You can read the VACC’s statement in full after the break. The video above shows BMW Australia boss Phil Horton share his displeasure for the LCT, originally posted as part of an April Fool’s Day gag.
VACC Repeats Its Call for the Abolition of the Luxury Car Tax
The Australian Government increased the threshold for the luxury car tax (LCT) from $57,466 to $59,133 on 1 July 2012. VACC, the peak automotive industry body in Victoria, has campaigned for the tax to be either scrapped or, at the very least, for the threshold to be significantly increased.
In July 2008, in a submission to the Senate Economics Committee Inquiry into Luxury Car Tax Bills, VACC stated that the ‘LCT is a remnant of a time when sales taxes and other inequities existed prior to the GST, taxing products at different rates without sound policy objectives. VACC recommends that the LCT threshold be increased to at least $75,000 and preferably to over $100,000 in order to catch up with the failure to index the threshold appropriately in the past’.

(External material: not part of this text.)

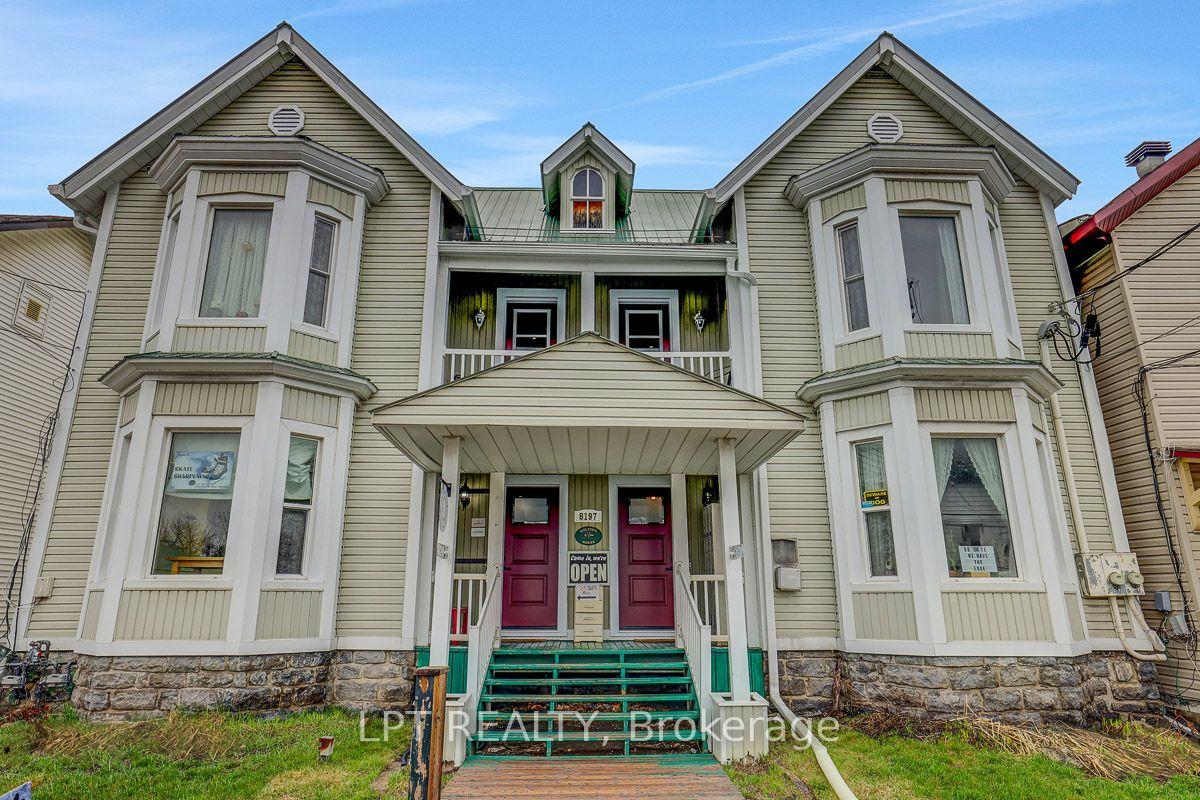 8197 Victoria Street — photo 1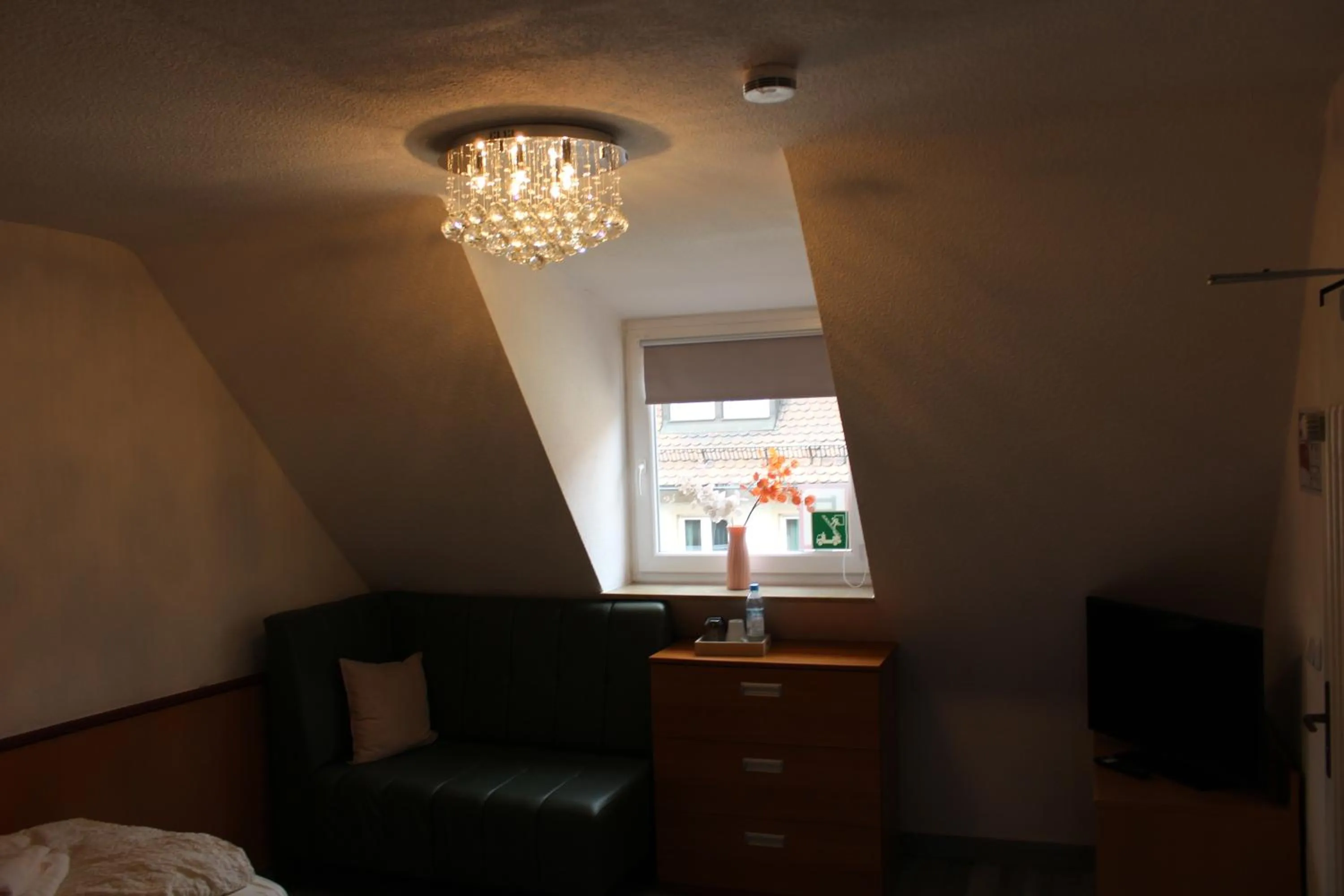 Burghotel - Das Original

Today, VACC stands by that same statement.
“To say we are disappointed is an understatement,” VACC Executive Director, David Purchase, said.
“Time and again, we have informed the Federal Government that this tax is unfair. As recently as May this year, in our Federal Budget analysis, VACC stated that this inappropriate imposition on vehicle purchases should be removed or, at the very least, the threshold should be doubled. Therefore a 2.9 per cent threshold increase falls way short of our expectations.
“The announcement is also frustrating because this tax should be repealed, and yet, the decision proves the Government has every intention of continuing to tax motor vehicles as luxuries.
“Many vehicles in the $59,133 and over price range are family vehicles featuring important safety technologies and are considered a necessity by the purchaser rather than an indulgence. When you think of luxuries, most people think of the excesses of the rich and famous, for example, a private jet or helicopter, yachts, jewellery, or works of art, and yet, these extravagant purchases are not subjected to additional taxes.
“We repeat our call to the Federal Government to review the LCT with a view to scrapping it,” Mr Purchase said.
VACC is not alone in its condemnation of the LCT. Both the state and national Australian Automobile Dealers Associations (AADA-Vic & AADA-National) and the Australian Motor Industry Federation (AMIF) are also campaigning for the abolition of the luxury car tax.